§ **Exercise material**

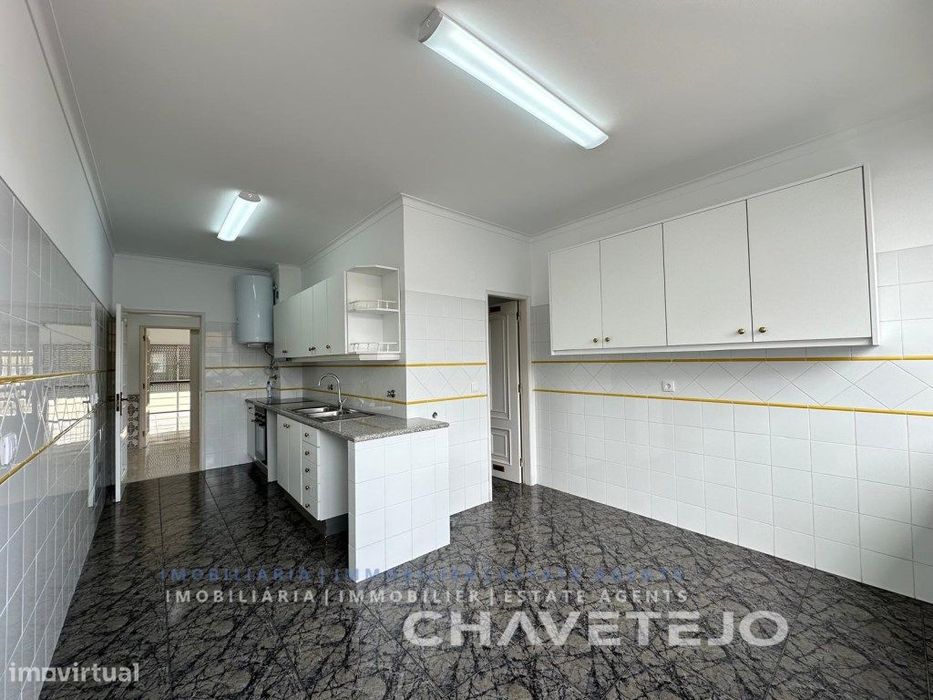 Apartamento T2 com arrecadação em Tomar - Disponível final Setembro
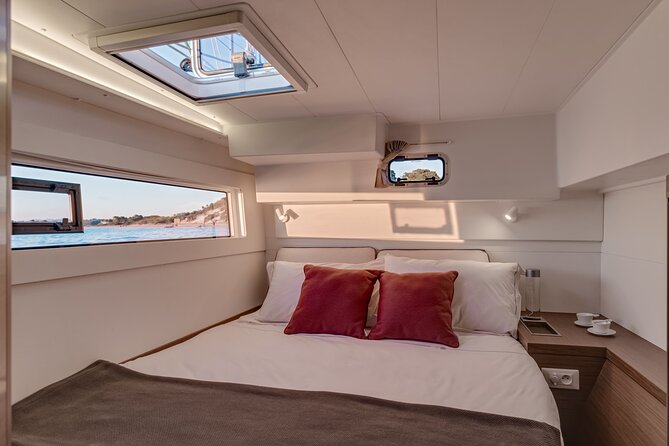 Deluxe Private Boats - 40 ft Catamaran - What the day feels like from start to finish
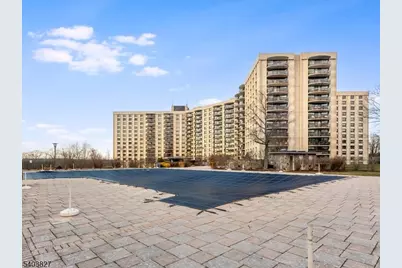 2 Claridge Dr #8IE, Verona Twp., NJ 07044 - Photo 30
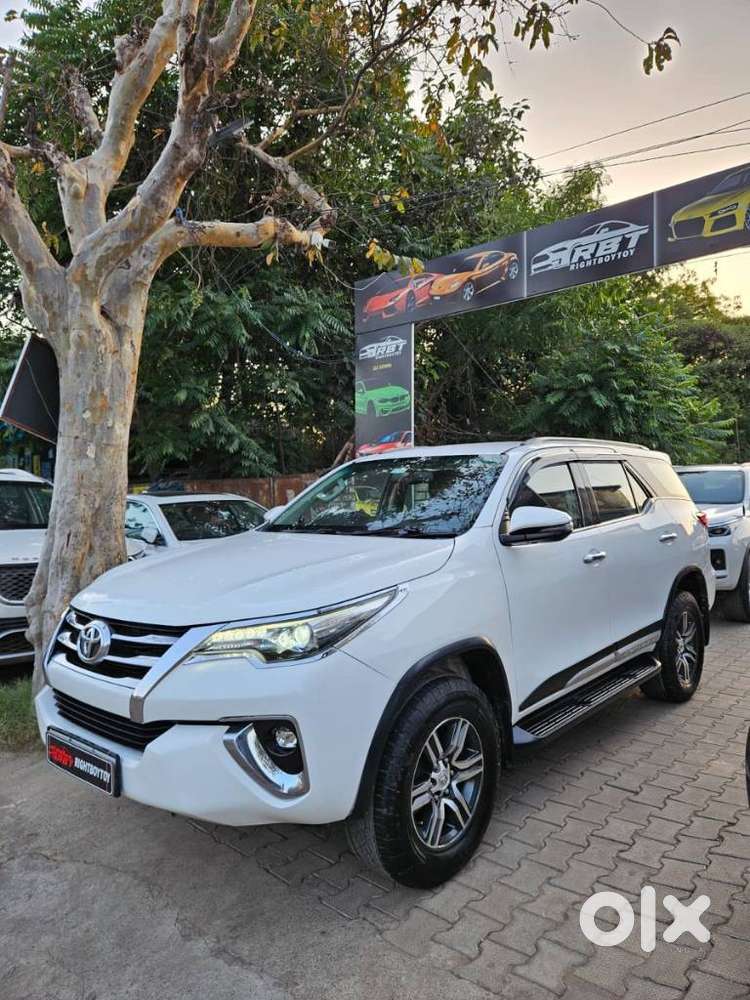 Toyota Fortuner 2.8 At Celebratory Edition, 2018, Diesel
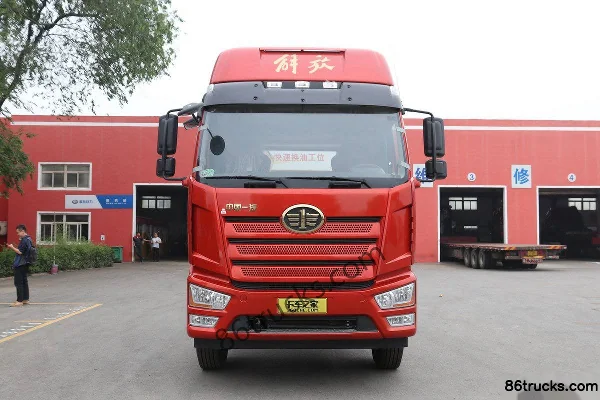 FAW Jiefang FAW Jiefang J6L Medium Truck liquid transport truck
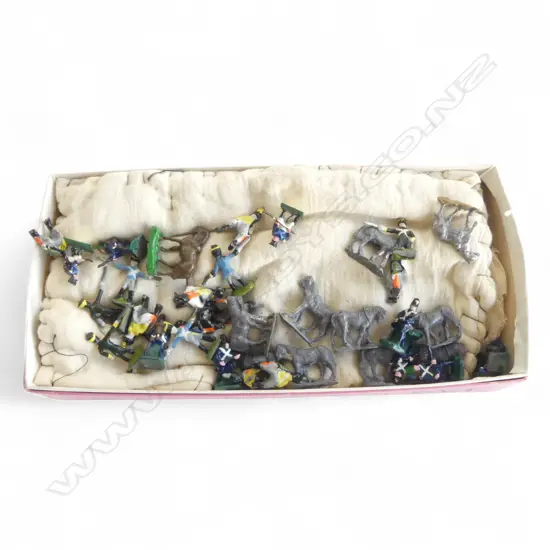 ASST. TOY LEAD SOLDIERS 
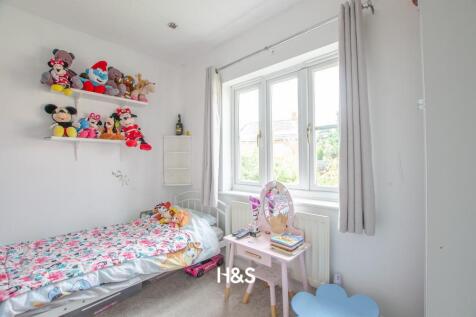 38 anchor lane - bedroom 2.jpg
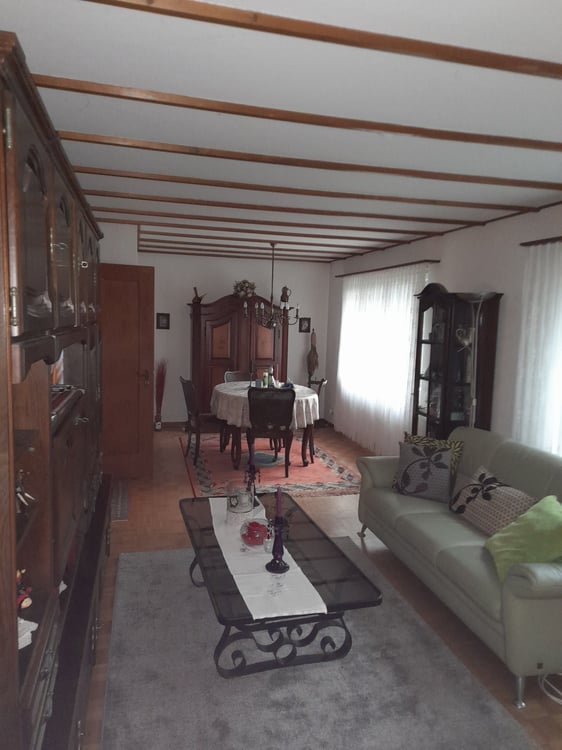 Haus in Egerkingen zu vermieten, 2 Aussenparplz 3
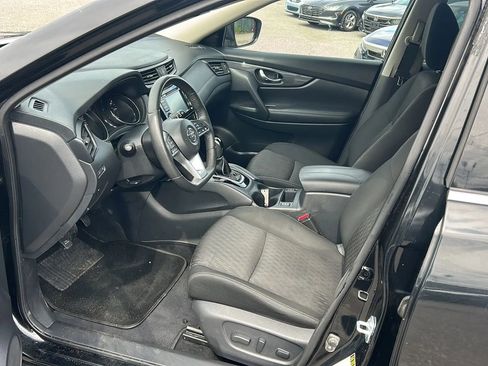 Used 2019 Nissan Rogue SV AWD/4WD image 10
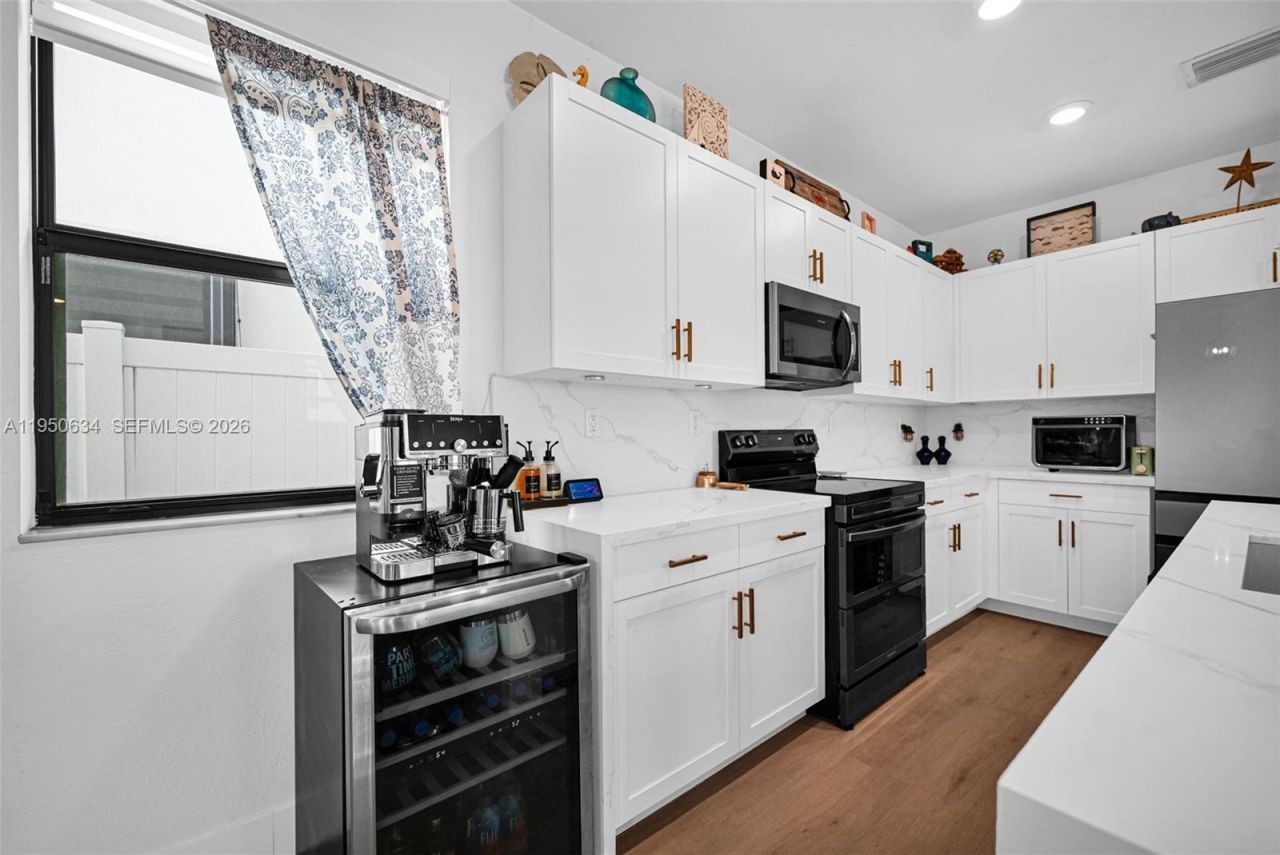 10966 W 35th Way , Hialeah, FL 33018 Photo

§ **What to work on**
Set down every entry above exactly as written. Leave out all pictures.

§ **Output for this task**
 Apartamento T2 com arrecadação em Tomar - Disponível final Setembro
 Deluxe Private Boats - 40 ft Catamaran - What the day feels like from start to finish
 2 Claridge Dr #8IE, Verona Twp., NJ 07044 - Photo 30
 Toyota Fortuner 2.8 At Celebratory Edition, 2018, Diesel
 FAW Jiefang FAW Jiefang J6L Medium Truck liquid transport truck
 ASST. TOY LEAD SOLDIERS 
 38 anchor lane - bedroom 2.jpg
 Haus in Egerkingen zu vermieten, 2 Aussenparplz 3
 Used 2019 Nissan Rogue SV AWD/4WD image 10
 10966 W 35th Way , Hialeah, FL 33018 Photo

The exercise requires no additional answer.